News reports and press releases from world health organizations are very careful how they word their press releases. Mortality rates are extrapolated by the public from the fancy representation of the numbers, but the extrapolations are far from truth. 

People dying with COVID-19 are reportedly as high as 3.84%. When people read this they think it is the mortality rate. It isn’t.

Not everyone is tested for the virus. Those most ill are more likely to be tested and all people who are reported to have died with COVOD-19 have been tested. (Otherwise how would they know they died with the virus?) This leads to a misrepresentation. If only sick, or potentially sick, people are tested, the number that die from the virus is pulled from a population likely to have contracted the disease. That is like using a test from people likely to have cancer as a representation of the entire population’s cancer mortality risk. The mortality rate for COVID-19 is likely under 1% and even lower for the population at large. Only time will give us an exact, or close to exact, number. Using the data available, COVID-19 is more deadly that the seasonal flu most years, but not anywhere near as deadly as the Spanish Flu.

Another misleading statistic comes from the wording in news reports and press releases from health organizations. They are careful to say someone has died “with” COVID-19 rather than “from” or “because of” COVID-19. This is a serious reporting issue.

Think of it this way. If someone is healthy and contracts COVID-19 they might have mild or no symptoms. But if they die in a car accident before the virus is cleared from their body they died “with” COVID-19. The virus had nothing to do with the death, but is recorded as a disease that the person had when they died. 

It is not uncommon for someone to have several contributing factors to their death. Rarely, if ever, do we medically say someone dies of old age. Instead, we list a variety of ailments that contribute to the final cause of death. Cancer and pneumonia  are common causes of death in people over 80. The flu is also a big contributor. Somehow we can’t bring ourselves to say they just got old and died. We need a reason. And that can lead to problems at times like these.

This counting of every death where COVID-19 is present misrepresents the full facts. The patient may have died from other causes at the same relative time anyway. This happens when people get old, and COVID-19 strikes hard at the old, as do many flu strains. This misrepresentation allows for an inflation of the COVID-19 numbers which heightens public fears.


Emotions in Check

People at risk need to take precautions. Because young people can carry COVID-19 without getting seriously ill, it is important to take steps to prevent the virus from infecting older family members inadvertently. That is the real risk with COVID-19; the unknown causing fear.
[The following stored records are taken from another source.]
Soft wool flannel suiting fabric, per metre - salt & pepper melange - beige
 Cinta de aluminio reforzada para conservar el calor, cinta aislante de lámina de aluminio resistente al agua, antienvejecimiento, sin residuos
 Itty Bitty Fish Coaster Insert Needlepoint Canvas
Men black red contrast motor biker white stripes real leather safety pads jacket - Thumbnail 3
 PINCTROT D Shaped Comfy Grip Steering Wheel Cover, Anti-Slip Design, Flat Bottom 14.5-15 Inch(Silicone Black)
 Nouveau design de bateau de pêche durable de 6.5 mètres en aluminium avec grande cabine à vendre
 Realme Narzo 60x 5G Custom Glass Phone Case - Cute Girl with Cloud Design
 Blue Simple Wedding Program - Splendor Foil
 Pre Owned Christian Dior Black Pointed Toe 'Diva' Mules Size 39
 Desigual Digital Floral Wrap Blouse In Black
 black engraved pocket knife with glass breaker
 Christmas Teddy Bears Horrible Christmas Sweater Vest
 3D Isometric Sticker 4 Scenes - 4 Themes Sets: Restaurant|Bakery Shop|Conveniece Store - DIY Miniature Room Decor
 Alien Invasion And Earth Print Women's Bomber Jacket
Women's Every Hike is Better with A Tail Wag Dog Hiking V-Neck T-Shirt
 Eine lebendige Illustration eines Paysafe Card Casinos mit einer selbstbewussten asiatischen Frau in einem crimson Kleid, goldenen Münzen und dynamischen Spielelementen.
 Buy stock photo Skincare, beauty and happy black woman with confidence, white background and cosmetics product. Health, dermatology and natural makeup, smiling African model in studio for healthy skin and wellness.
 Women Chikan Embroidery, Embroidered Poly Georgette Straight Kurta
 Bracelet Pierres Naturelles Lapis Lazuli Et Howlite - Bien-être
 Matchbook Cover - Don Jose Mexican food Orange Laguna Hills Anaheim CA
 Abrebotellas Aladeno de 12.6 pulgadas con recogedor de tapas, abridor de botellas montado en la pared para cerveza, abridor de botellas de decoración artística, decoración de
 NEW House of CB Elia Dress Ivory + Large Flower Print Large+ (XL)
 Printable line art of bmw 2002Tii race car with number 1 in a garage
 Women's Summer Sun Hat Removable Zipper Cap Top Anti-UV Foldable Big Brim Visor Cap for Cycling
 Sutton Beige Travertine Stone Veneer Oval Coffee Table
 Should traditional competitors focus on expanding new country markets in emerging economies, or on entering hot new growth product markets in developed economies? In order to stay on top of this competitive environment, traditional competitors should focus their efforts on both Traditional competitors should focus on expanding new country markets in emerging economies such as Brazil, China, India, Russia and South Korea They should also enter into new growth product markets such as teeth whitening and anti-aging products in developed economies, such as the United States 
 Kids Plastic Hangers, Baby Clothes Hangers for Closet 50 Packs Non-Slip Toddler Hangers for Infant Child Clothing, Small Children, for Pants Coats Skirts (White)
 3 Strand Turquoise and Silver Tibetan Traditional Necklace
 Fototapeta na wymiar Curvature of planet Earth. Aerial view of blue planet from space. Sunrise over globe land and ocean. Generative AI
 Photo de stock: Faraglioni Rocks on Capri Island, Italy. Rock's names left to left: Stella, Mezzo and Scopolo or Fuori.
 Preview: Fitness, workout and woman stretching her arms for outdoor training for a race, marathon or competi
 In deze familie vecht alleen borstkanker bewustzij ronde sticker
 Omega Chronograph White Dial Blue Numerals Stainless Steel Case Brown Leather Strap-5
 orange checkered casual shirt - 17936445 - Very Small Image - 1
It is proper to take a break from all but necessary gatherings. The economy will take a short-term hit. It is scary, but not as bad as the media would have us believe. Social media blows it up even worse that the traditional press. Shame on us!

In the modern world this means supply chains will be disrupted. Business will slow and some industries will be very hard hit. The stock market is predicting a doomsday scenario.  It isn’t that bad! For those who are patient and control their emotions, now and in the near future is a good time to increase equity holdings. Keep adding to your retirement plan at work. Dollar cost averaging only works if you keep the regular investments going when the market is down, too.

I know it looks bad right now. Not everyone will contract COVID-19. Most who do will only experience mild illness. The older you are the more important it is to seek medical attention as your mortality risk increases rapidly with age. 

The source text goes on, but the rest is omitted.